Greendogo commented 8 years ago

The specific files used in the Object Detection Tutorial from the KITTI Vision Benchmark aren't very well defined in the file: examples/object-detection/README.md A few comments were added at the bottom of #803

Please specify which names and the sizes of those files (in case the names change) to increase readability in the tutorial documentation.

Greendogo commented 8 years ago

Links would be helpful.

Greendogo commented 8 years ago

Created a pull request https://github.com/NVIDIA/DIGITS/pull/868

kumarabhinavgupta commented 8 years ago

Also, please clarify format of the label text file. Thanks.

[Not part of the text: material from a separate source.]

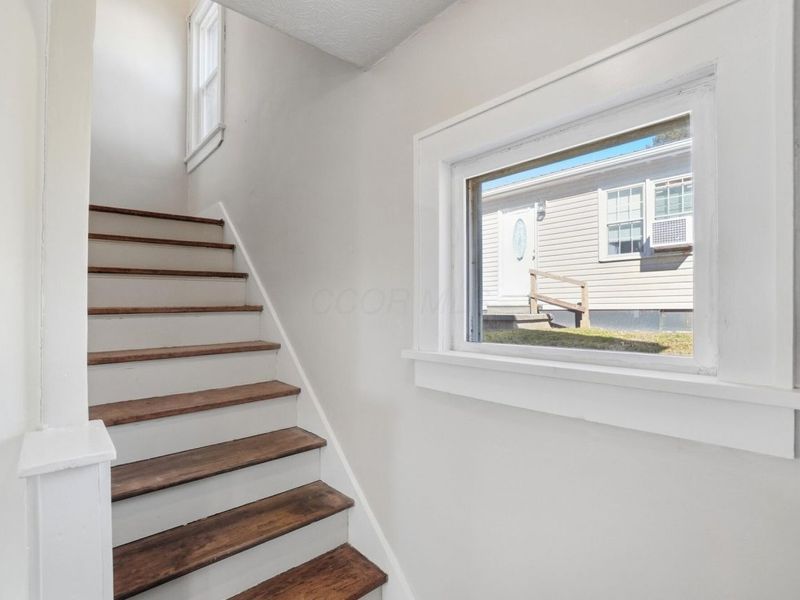 241 Hunter Street, Newark, OH 43055 Photo 18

kumarabhinavgupta commented 8 years ago

We are not sure what is the right format for DIGIT training Label file for new Object Detection example.

From KITTI dataset we figured out the following.

2 folders of images and labels for each of Training and Validation. And label files to contain text files (with same name as images) with data in follwing format:

" Car 0.88 3 -0.69 0.00 192.37 402.31 374.00 1.60 1.57 3.23 -2.70 1.74 3.68 -1.29 Car 0.00 1 2.04 334.85 178.94 624.50 372.04 1.57 1.50 3.68 -1.17 1.65 7.86 1.90 Car 0.34 3 -1.84 937.29 197.39 1241.00 374.00 1.39 1.44 3.08 3.81 1.64 6.15 -1.31 Car 0.00 1 -1.33 597.59 176.18 720.90 261.14 1.47 1.60 3.66 1.07 1.55 14.44 -1.25 Car 0.00 0 1.74 741.18 168.83 792.25 208.43 1.70 1.63 4.08 7.24 1.55 33.20 1.95 Car 0.00 0 -1.65 884.52 178.31 956.41 240.18 1.59 1.59 2.47 8.48 1.75 19.96 -1.25 DontCare -1 -1 -10 800.38 163.67 825.45 184.07 -1 -1 -1 -1000 -1000 -1000 -10 DontCare -1 -1 -10 859.58 172.34 886.26 194.51 -1 -1 -1 -1000 -1000 -1000 -10 DontCare -1 -1 -10 801.81 163.96 825.20 183.59 -1 -1 -1 -1000 -1000 -1000 -10 DontCare -1 -1 -10 826.87 162.28 845.84 178.86 -1 -1 -1 -1000 -1000 -1000 -10

"

This is not working. So can someone please help us out on what we are doing wrong ?

Abhinav

lukeyeager commented 8 years ago

@kumarabhinavgupta here is the relevant info from devkit_object.zip > readme.txt:

Data Format Description
=======================

The data for training and testing can be found in the corresponding folders.
The sub-folders are structured as follows:

  - image_02/ contains the left color camera images (png)
  - label_02/ contains the left color camera label files (plain text files)
  - calib/ contains the calibration for all four cameras (plain text file)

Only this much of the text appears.